After October 18, it is clear that something changed in the society of this “country at the end of the world”. The first days was a duality between hope and uncertainty, between fear and courage, between hate and joy. I think we all grew a little, we met our neighbors more closely and we got involved with our community.
Really trying to express the accumulation of emotions that have been felt in full bloom is complex and practically impossible. Nervousness and anxiety have been further accentuated, especially during the first weeks. Although I often didn't want to go out, because I was tired or terribly anxious, I managed to organize with my neighbors and go to activities near my house. Most days I went to Dignity Plaza, where, frankly, I felt afraid of dying.
Yes, I was struck by pellets. I have aspirated pepper gas. I have experienced repression.I had to take bigger shelter: The goggles and the anti-gas mask acquired at free fairs have been great allies.

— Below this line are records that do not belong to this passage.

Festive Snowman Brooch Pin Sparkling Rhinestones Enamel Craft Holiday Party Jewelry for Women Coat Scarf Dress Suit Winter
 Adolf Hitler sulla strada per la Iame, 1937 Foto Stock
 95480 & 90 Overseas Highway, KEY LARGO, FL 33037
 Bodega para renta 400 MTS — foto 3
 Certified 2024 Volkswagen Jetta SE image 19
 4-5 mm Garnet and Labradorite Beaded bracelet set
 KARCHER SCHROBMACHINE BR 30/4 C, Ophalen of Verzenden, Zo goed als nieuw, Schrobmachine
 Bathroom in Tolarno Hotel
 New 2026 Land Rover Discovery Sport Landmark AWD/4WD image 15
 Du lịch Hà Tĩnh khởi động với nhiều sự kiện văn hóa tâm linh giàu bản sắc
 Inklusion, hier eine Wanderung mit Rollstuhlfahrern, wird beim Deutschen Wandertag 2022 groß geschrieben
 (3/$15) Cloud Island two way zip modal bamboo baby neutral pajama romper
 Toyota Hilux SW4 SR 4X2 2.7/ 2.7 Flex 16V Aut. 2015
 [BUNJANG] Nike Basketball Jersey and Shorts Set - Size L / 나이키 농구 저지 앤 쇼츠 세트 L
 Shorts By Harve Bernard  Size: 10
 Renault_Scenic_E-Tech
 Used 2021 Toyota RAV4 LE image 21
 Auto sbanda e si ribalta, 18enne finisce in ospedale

My family and my boyfriend have been indispensable in everything it is to resist. I can always find affection and containment after long days of agitation (Clearly they can also find it in me). I must admit, there are nights in which my dream has been frightened of so much fear: My friends and my boyfriend can go to Dignity Plaza and never see me again. There is also the possibility that they will not come back.
Well, I think that only I have talked how I feel and the fear that I have felt, but I also want to talk about what I hope will happen. I’ll be quick: While I have supported the motions for a Constituent Assembly, I believe that the current disputes in the face of the crisis of political-legitimacy must not pass through the State, but rather through the community.

*Teacher, the Word "shelter" is ok in that context?